From Prompts to Propositions: A Logic-Based Lens on Student-LLM Interactions
Ali Alfageeh, Sadegh AlMahdi Kazemi Zarkouei, Daye Nam, Daniel Prol, Matin Amoozadeh, Souti Chattopadhyay, James Prather, Paul Denny, Juho Leinonen, Michael Hilton, Sruti Srinivasa Ragavan, Mohammad Amin Alipour
TL;DR
This paper introduces Prompt2Constraints, a propositional-logic based framework that translates student prompts for programming tasks into structured logical constraints, enabling scalable, semantic analysis of prompt evolution. By applying few-shot learning to map prompts to constraints, the authors analyze 1,872 prompts from 203 CS1 students across three Python tasks, revealing patterns in successful versus unsuccessful prompting and moments where interventions can help. Key contributions include evidence of robustness in constraint extraction, insights into how prompts evolve, and a practical algorithm for measuring student progress toward solutions. The work has notable implications for scalable educational analytics and real-time hinting in AI-assisted programming tools.
Abstract
Background and Context. The increasing integration of large language models (LLMs) in computing education presents an emerging challenge in understanding how students use LLMs and craft prompts to solve computational tasks. Prior research has used both qualitative and quantitative methods to analyze prompting behavior, but these approaches lack scalability or fail to effectively capture the semantic evolution of prompts.
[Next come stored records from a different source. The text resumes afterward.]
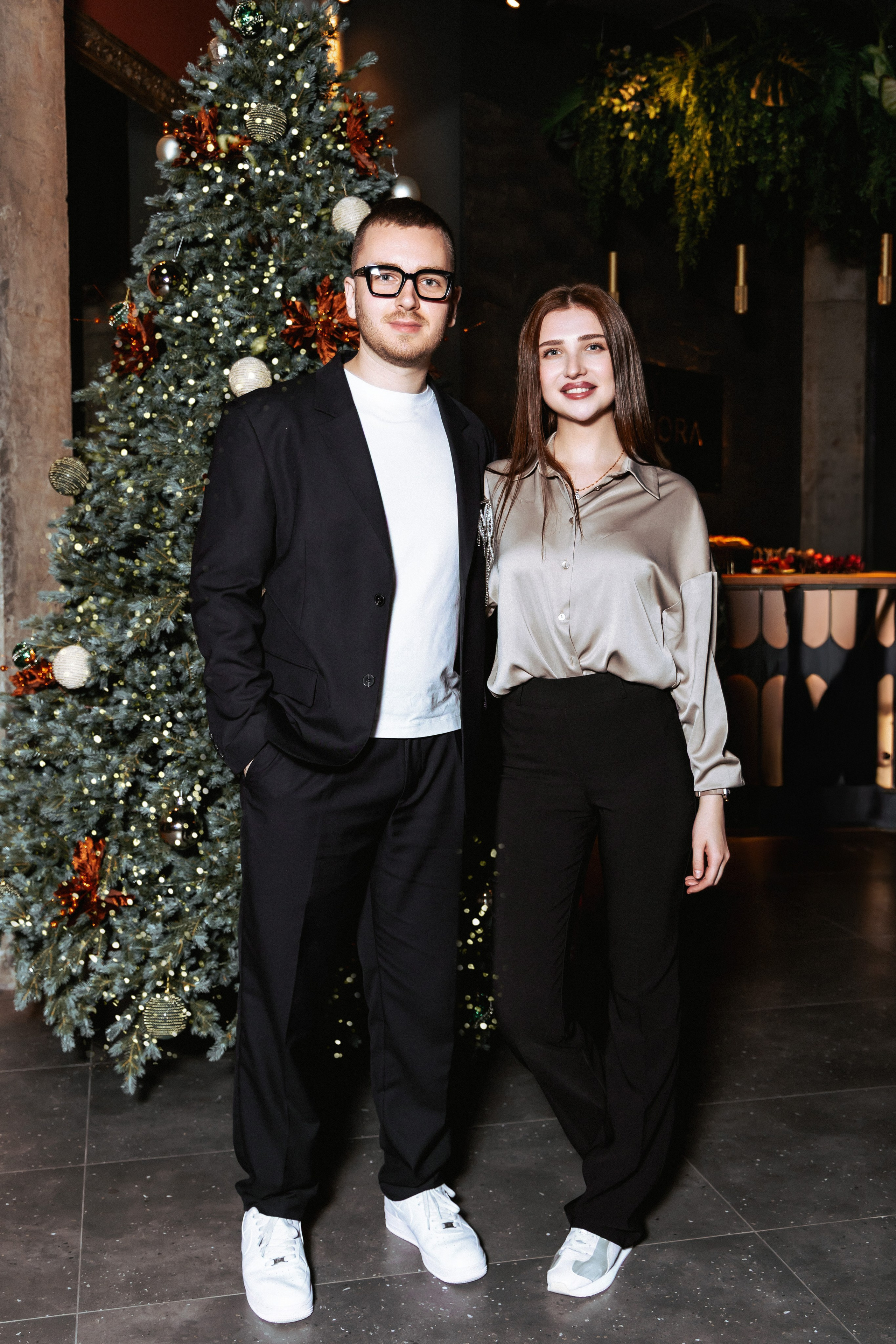 Корпоратив 2025. Свадебный и семейный фотограф в Краснодаре Диана Смирнова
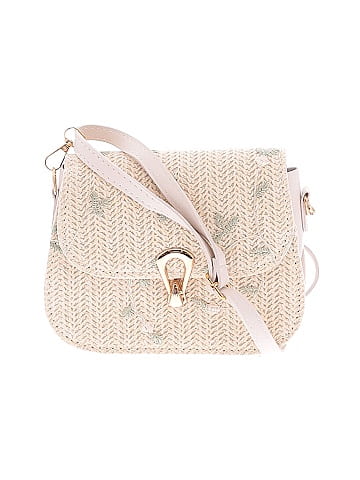 Unbranded Crossbody Bag (view 1)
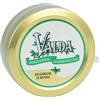 Valda Classiche Pastiglie Balsamiche Per la Gola 50 g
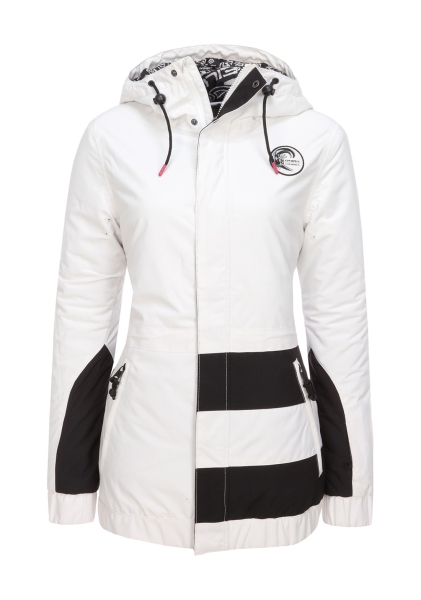 O'Neill - 88' Wildcat Jacket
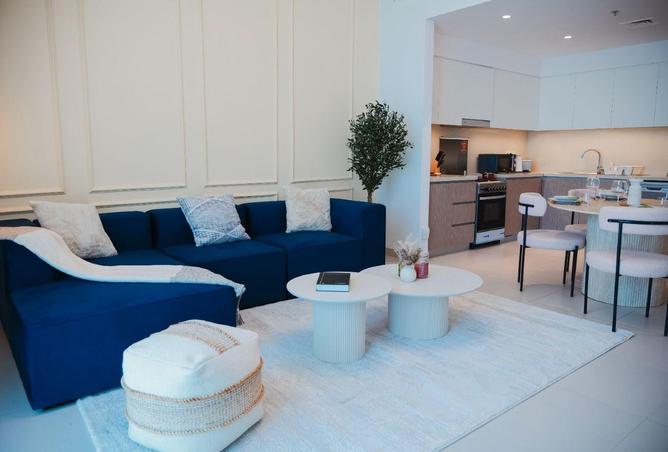 67461089 - Property Main Image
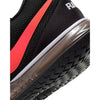 Nike Court Zoom Vapor Cage 4 Rafa Hard Court Black & Red Men's Tennis Shoes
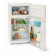 12V/24V Shoreline DC Fridge  - Uses only 10W - 80 Litres - ideal for campers and boats - SL-NR281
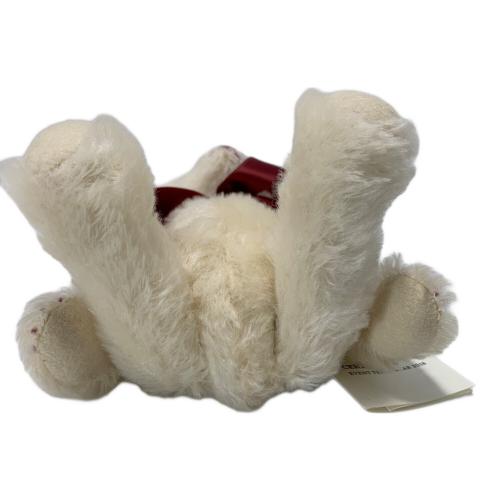 Steiff (シュタイフ) テディベア LED of YEAR 2018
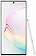 Samsung () Galaxy Note10+ N975 12/256GB Dual SIM Exynos 9825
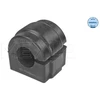 Image de Suspension, Stabilisateur Meyle-Original Quality Meyle 3003135109 Bmw
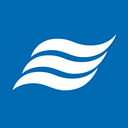 Condair Ag logo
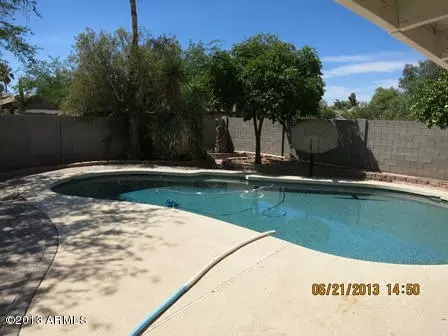 3306 E Anderson Dr, Phoenix, AZ 85032 photo 17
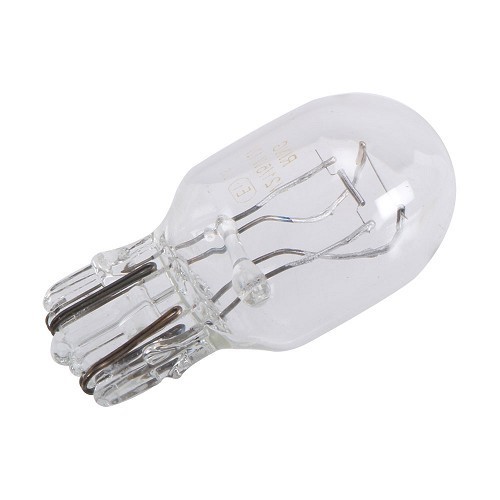  Bulb W21/5W, 21/5W in 12 Volts - MX13079 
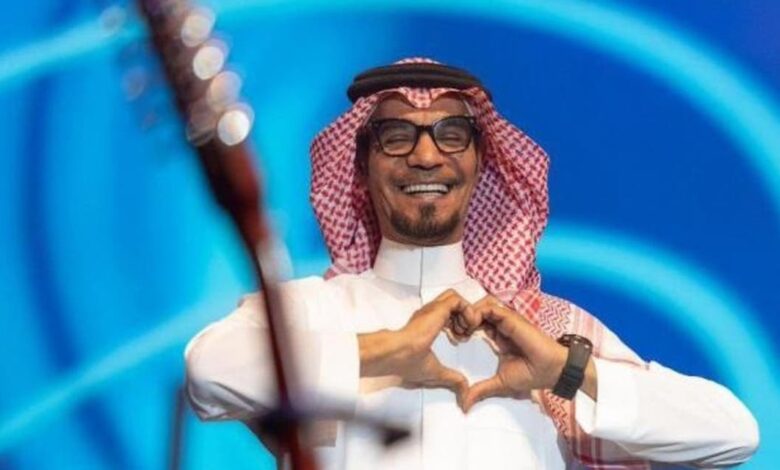 0DDB978C EE87 4240 A4CA 69A182344D5A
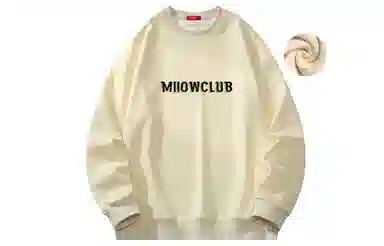 MIIOW T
Objective. In this paper, we investigate whether students prompts can be systematically analyzed using propositional logic constraints. We examine whether this approach can identify patterns in prompt evolution, detect struggling students, and provide insights into effective and ineffective strategies. Method. We introduce Prompt2Constraints, a novel method that translates students prompts into logical constraints. The constraints are able to represent the intent of the prompts in succinct and quantifiable ways. We used this approach to analyze a dataset of 1,872 prompts from 203 students solving introductory programming tasks. Findings. We find that while successful and unsuccessful attempts tend to use a similar number of constraints overall, when students fail, they often modify their prompts more significantly, shifting problem-solving strategies midway. We also identify points where specific interventions could be most helpful to students for refining their prompts. Implications. This work offers a new and scalable way to detect students who struggle in solving natural language programming tasks. This work could be extended to investigate more complex tasks and integrated into programming tools to provide real-time support.